**ABOUT THIS TASK**
Restate word for word the section of the entries that opens at the line containing "Channel-Set Diamond Wedding" and closes at the line containing "White Lace Flowers", both lines kept, pictures dropped.

BEGIN MATERIAL FOR THE TASK

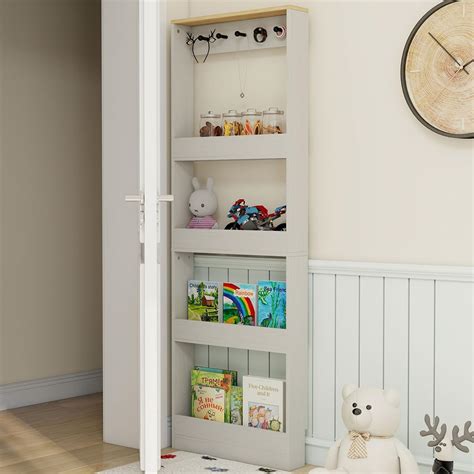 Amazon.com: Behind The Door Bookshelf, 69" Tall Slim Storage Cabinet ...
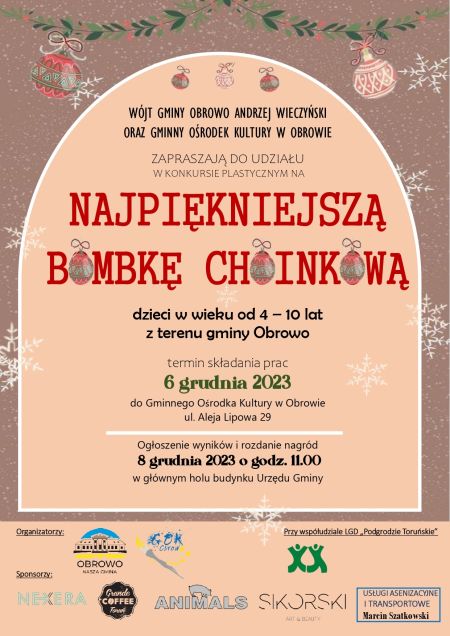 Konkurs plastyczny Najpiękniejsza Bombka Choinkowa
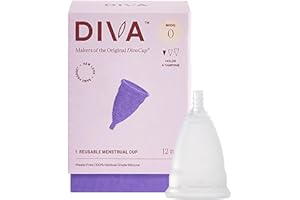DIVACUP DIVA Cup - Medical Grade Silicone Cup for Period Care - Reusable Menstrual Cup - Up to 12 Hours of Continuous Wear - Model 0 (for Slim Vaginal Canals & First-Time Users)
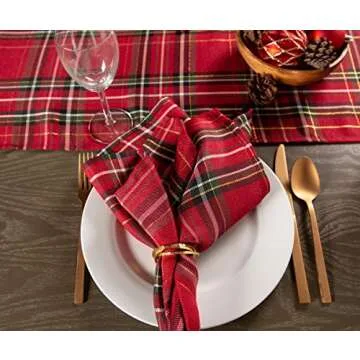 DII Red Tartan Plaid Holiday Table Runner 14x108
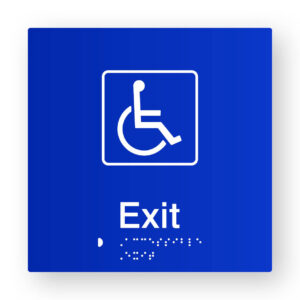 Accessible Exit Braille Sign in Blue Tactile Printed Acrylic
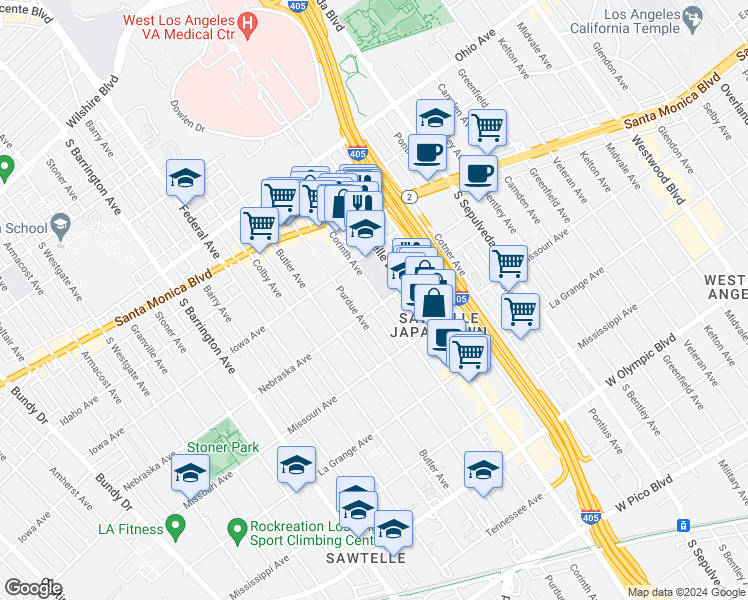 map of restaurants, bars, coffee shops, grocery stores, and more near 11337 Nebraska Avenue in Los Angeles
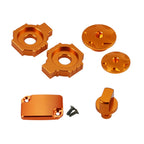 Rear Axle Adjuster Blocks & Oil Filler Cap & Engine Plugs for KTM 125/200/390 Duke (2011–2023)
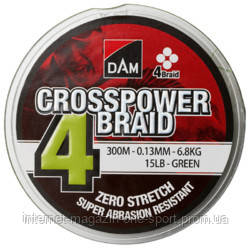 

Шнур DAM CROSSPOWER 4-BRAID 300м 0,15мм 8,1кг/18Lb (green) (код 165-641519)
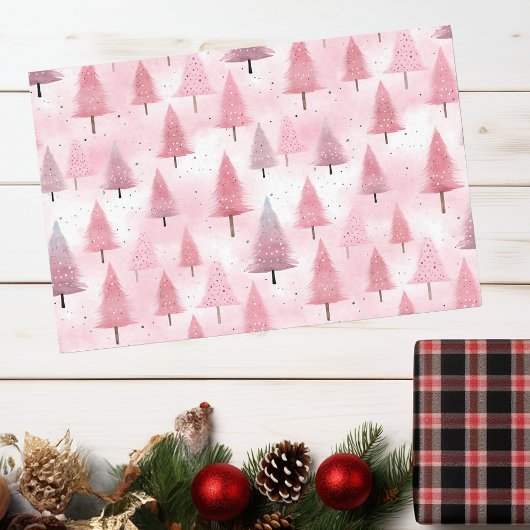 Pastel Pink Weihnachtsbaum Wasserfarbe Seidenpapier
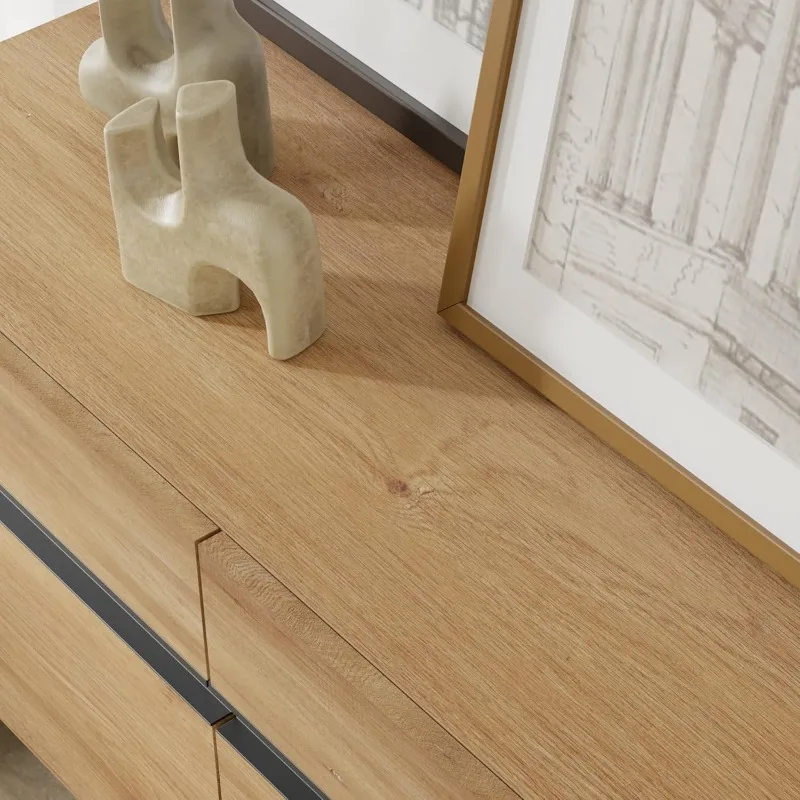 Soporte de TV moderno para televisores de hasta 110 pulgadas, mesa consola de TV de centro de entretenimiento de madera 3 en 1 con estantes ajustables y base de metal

END MATERIAL FOR THE TASK
BEGIN MATERIAL FOR THE TASK

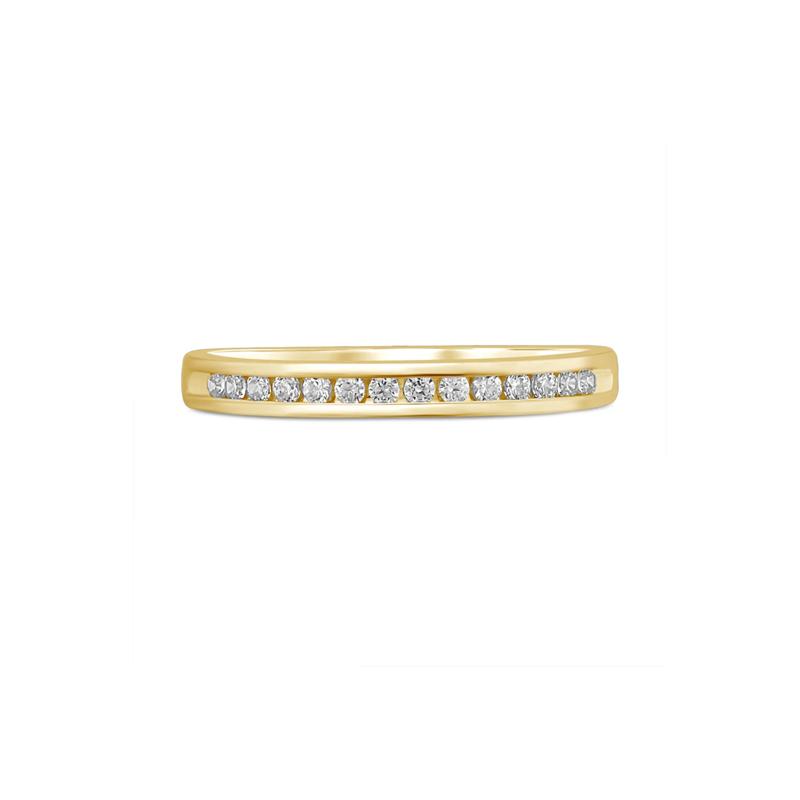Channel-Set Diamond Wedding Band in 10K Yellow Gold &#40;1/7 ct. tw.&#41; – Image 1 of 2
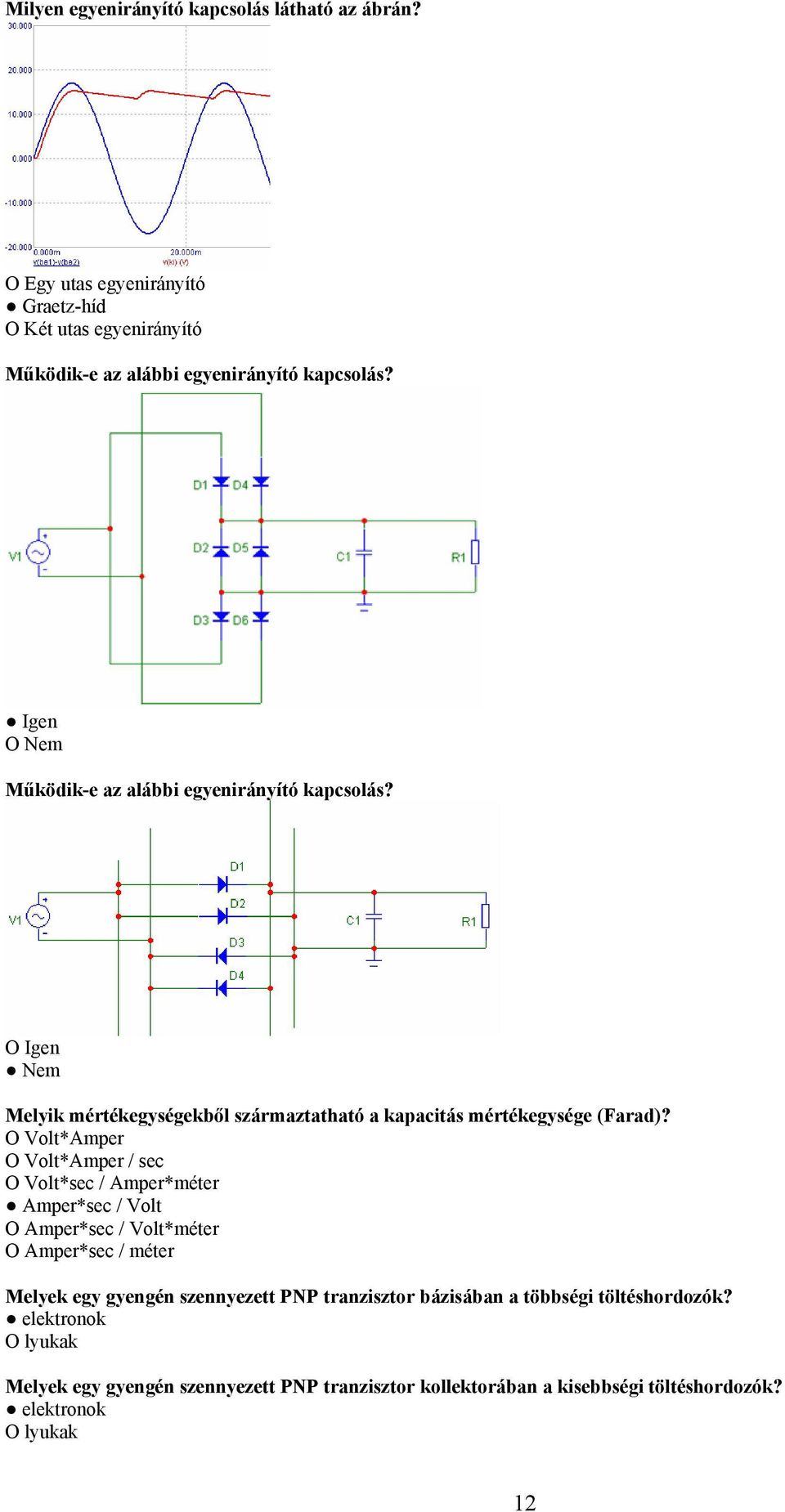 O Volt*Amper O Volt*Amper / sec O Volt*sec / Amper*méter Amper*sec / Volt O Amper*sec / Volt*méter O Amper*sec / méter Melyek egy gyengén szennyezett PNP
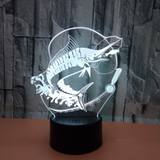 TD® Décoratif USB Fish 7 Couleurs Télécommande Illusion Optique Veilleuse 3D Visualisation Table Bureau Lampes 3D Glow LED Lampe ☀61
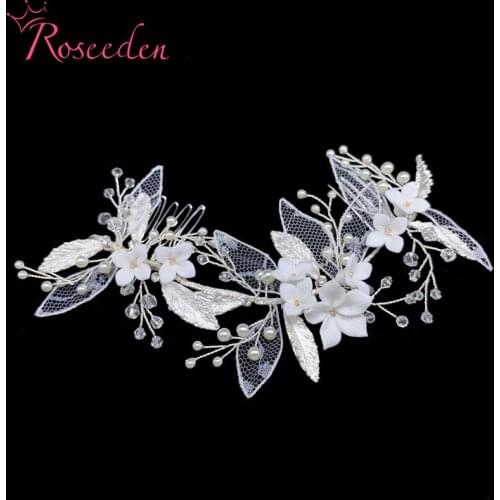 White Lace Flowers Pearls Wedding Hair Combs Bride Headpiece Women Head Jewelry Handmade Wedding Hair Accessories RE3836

END MATERIAL FOR THE TASK

**FINAL ANSWER**
Channel-Set Diamond Wedding Band in 10K Yellow Gold &#40;1/7 ct. tw.&#41; – Image 1 of 2
 O Volt*Amper O Volt*Amper / sec O Volt*sec / Amper*méter Amper*sec / Volt O Amper*sec / Volt*méter O Amper*sec / méter Melyek egy gyengén szennyezett PNP
 TD® Décoratif USB Fish 7 Couleurs Télécommande Illusion Optique Veilleuse 3D Visualisation Table Bureau Lampes 3D Glow LED Lampe ☀61
 White Lace Flowers Pearls Wedding Hair Combs Bride Headpiece Women Head Jewelry Handmade Wedding Hair Accessories RE3836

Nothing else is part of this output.